■ SUPPLIED DATA ■
*** Begin section ***

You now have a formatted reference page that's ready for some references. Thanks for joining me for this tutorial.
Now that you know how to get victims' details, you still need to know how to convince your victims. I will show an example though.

*** End section ***
*** Begin section ***

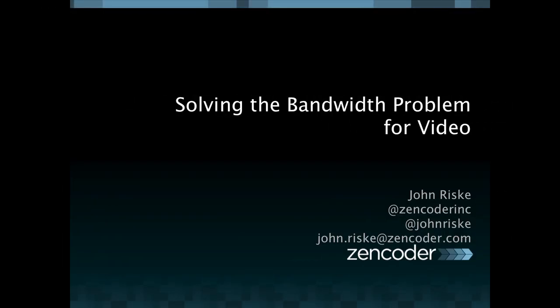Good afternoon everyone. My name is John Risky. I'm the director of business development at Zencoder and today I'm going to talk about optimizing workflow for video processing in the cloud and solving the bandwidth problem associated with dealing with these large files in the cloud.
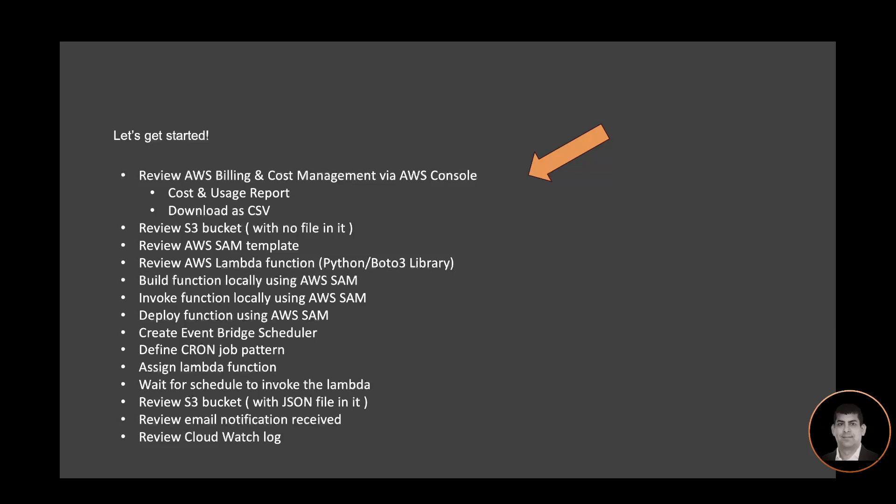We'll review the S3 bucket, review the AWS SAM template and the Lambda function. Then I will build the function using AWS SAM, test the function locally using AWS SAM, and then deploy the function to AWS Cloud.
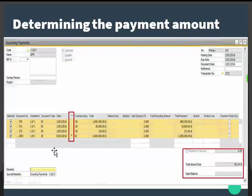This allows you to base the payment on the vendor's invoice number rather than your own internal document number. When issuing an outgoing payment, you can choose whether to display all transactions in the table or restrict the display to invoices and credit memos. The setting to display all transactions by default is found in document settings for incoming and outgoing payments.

*** End section ***
*** Begin section ***

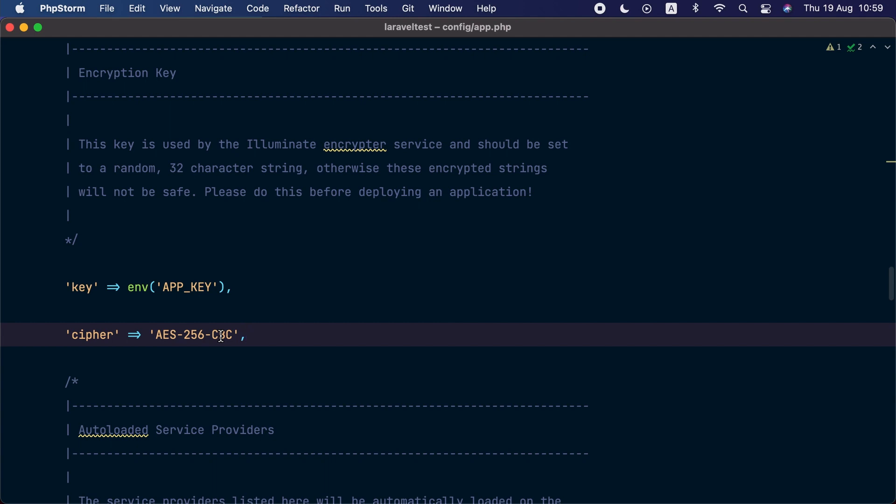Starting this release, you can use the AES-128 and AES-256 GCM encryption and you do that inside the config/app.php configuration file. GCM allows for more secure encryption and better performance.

*** End section ***

Copy out the lines above from the line containing "We'll review the" through the line containing "This allows you", exactly, and keep the pictures out.

■ TASK RESPONSE ■
We'll review the S3 bucket, review the AWS SAM template and the Lambda function. Then I will build the function using AWS SAM, test the function locally using AWS SAM, and then deploy the function to AWS Cloud.
This allows you to base the payment on the vendor's invoice number rather than your own internal document number. When issuing an outgoing payment, you can choose whether to display all transactions in the table or restrict the display to invoices and credit memos. The setting to display all transactions by default is found in document settings for incoming and outgoing payments.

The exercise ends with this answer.